Standing on the shoreline of the Gulf of Mexico is a great place to face the reality that every wave is “Now.” And then the next wave is “Now.” Now keeps changing every second. For humans obsessed with trying to keep things the same, which is most of us most of the time, the waves have a clear message: “Change is constant.” Sure we might know that in our heads. But the ocean helps us know the truth with our bodies.
Ocean waves end up reassuring many of us as we stroll along the sand and let the water wash over our feet. We practice letting go. We are reminded, or re-bodied, that we do not have to try to control everything. There is some comfort in knowing the waves will just keep coming in without our help. We have a visceral experience that constant change is okay, even as the sandy imprint of our steps is washed away moment by moment. In our boldest moments of awareness we might even see that we too will be washed away in time, and the waves might help us face our own disappearance.
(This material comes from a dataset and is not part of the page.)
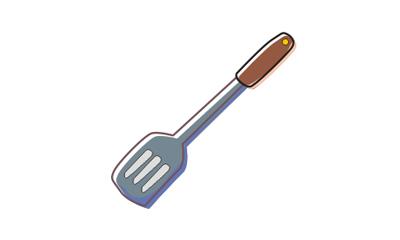 锅铲怎么画简笔画 菜铲简笔画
We actually are waves, whether we see that or not. We look separate for a moment, but are completely interconnected. We arise and dissolve and disappear. What a challenge to be awake for the passing moment we are a wave, and to take the risk to fully be the unique wave we are. Brief though we may be, we are not insignificant.
In a recent worship service my friend Lend Faye shared several phrases for reflection. Then the community shared some responses. I scribbled down some of those phrases which really spoke to me. Later I couldn’t remember which phrases were the quotes and which phrases came from the people responding.
“Only a person who takes risks is free.”
“Place your dreams before the crowd.”
“You must awaken those who are still asleep.”
Each of these phrases called me to make the most of the brief moment my wave is passing through: take risks, share your dreams, awaken others. That really is how I want to live.
I know I could knuckle down, just accept any kind of job to make money, be practical, be realistic, try to hold onto the past and keep things the same. I have tried that life before, and that clinging to what seemed secure was deadening. I don’t like living with the insecurity of not knowing what the next moment will bring. But I Really don’t like feeling stuck in the past, like sleep-walking through my own life. If I am not awake to my own dreams, or willing to risk sharing them, then how in the world could I awaken others?
This morning the words of some Judeo-Christian scriptures began singing themselves in my mind. They are all about letting go of the past and entering God’s Now. I took my guitar and began to play the notes I was hearing. I sang the scripture words and even now they are ringing in my head. Here they are for your own reflection this day.
“Call to Me and I will answer you, and I will tell you great and mighty things, which you do not know.” Jeremiah 33:3.
“‘For My thoughts are not your thoughts, neither are your ways My ways,’ declares the Lord.” Isaiah 55:8
“Do not call to mind the former things, or ponder things of the past. Behold, I will do something new. Now it will spring forth. Will you be aware of it?” Isaiah 43:18-19
The song named itself “Now.” Fitting, right?
I only get one wave in this life, one moment of passage, one time to rise and fall. I only have one “Now.” After that I will disappear.
This life is too short to waste it in clinging to “the former things.” Maybe that sounds irresponsible. But Life is calling me out right now, telling me to be the unique wave I am for one brief moment, and even to accept that I do not yet know what my wave will look like next. The voice of the Lord seems sure: “Behold, I will do something new. Now it will spring forth. Will you be aware of it?”
I am trying my best to awaken to God’s Now. It is terrifying to fall into this unknown moment, to let go of what has been, to refuse to cling to what was. But this is what it is to be one of God’s waves. Nothing is real but God’s Now.
What does it mean to be a contemplative? We are waves becoming aware we are waves and surrendering into God’s new Now.